Mail boxes by a prairie road in rural Wyoming
Mail boxes by a prairie road in rural Wyoming - Dermot Tatlow

The filmmaker Agnès Varda said that if you cut her body open, you would find beaches. For the narrator of Danielle Dutton’s stories in Prairie, Dresses, Art, Other, it would be the Midwestern prairie: “This is exactly what you’d find… My body’s obscured by the waving of plants… There are millions of flowers like stars.”

Dutton’s slim, strange book, published by the independent press Prototype, is about landscapes and our place within them. The stories in the first two sections, ‘Prairie’ and ‘Dresses’, are scant on plot; more often, they follow the thought-pattern of an unnamed female narrator, and are led by the weirdness of their settings. Sometimes, their surreal quality comes from environmental collapse, as when our narrator drives her son home during “the hottest week in the world”, the sun “clearly rising on the wrong side”. At others, it comes from her 13-year-old son’s storytelling. He often explains things such as “what would happen if she got sucked into a black hole”. While camping, he tells his mother about the Mothman, a mythical “dark creature” who threatens to turn real when they hear screaming outside the tent.

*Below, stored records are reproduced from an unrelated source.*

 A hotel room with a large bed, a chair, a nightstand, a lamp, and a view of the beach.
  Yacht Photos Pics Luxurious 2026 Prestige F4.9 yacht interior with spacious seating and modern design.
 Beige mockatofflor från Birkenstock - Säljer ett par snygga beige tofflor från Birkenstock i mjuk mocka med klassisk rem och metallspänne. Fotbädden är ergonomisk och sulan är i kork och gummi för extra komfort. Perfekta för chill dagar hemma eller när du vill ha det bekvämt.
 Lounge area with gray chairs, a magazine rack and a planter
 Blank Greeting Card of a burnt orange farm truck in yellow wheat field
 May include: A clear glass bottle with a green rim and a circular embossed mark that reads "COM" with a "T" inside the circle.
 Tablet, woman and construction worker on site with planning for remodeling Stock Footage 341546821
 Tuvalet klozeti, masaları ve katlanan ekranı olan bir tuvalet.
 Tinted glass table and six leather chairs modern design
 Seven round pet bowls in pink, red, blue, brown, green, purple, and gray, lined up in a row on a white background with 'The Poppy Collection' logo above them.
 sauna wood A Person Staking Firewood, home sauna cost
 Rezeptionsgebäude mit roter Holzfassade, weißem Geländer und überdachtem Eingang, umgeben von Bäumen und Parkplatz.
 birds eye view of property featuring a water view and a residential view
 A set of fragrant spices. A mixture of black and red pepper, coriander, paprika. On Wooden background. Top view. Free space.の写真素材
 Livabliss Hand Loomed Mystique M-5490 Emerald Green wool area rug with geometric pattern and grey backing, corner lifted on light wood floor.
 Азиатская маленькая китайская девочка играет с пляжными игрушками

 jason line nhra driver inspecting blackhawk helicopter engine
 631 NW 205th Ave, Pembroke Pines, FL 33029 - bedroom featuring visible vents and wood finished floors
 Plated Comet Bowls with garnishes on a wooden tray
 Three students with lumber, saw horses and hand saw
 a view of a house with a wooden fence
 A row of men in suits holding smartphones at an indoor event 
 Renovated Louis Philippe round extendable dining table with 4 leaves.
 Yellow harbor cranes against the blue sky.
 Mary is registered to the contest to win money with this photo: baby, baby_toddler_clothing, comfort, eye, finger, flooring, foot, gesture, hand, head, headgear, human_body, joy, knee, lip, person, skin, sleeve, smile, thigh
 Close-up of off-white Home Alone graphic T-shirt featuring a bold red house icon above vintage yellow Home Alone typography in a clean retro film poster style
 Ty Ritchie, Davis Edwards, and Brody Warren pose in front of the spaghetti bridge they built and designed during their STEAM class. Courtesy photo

The book’s form is even less conventional. After the abstract pieces of ‘Prairie’ and ‘Dresses’ comes ‘Art’, an essay on Dutton’s visual inspiration. Reading it is rather like watching a post-film Q&A with a director; Dutton explains that she wants to write stories with “a specific way of looking”. Her voice is inquisitive, constantly clarifying: “By looking I mean seeing, but I also mean a way of being in relation to the world, a politics of attention.” Swerving into non-fiction risks breaking the book’s momentum, yet the authority of Dutton’s essay balances out the dreaminess of her stories.

Prairie, Dresses, Art, Other is best at creating an unsettling air. ‘Other’ picks up the stories in even odder vignettes; in one, an older female writer kills a younger more successful one. Something sours in the the marriage of the narrator of ‘Prairie’ – she often can’t find her husband – while her son’s move into adulthood – “it was only recently he’d turned into this stranger” – is just as unnerving. You’re never sure whether Dutton is still on the outside, or getting at the narrator’s anxiety within. But that uncertainty feels part of this project, which gives us not just a cycle of stylishly observed stories but also, midway through, the tools to read them.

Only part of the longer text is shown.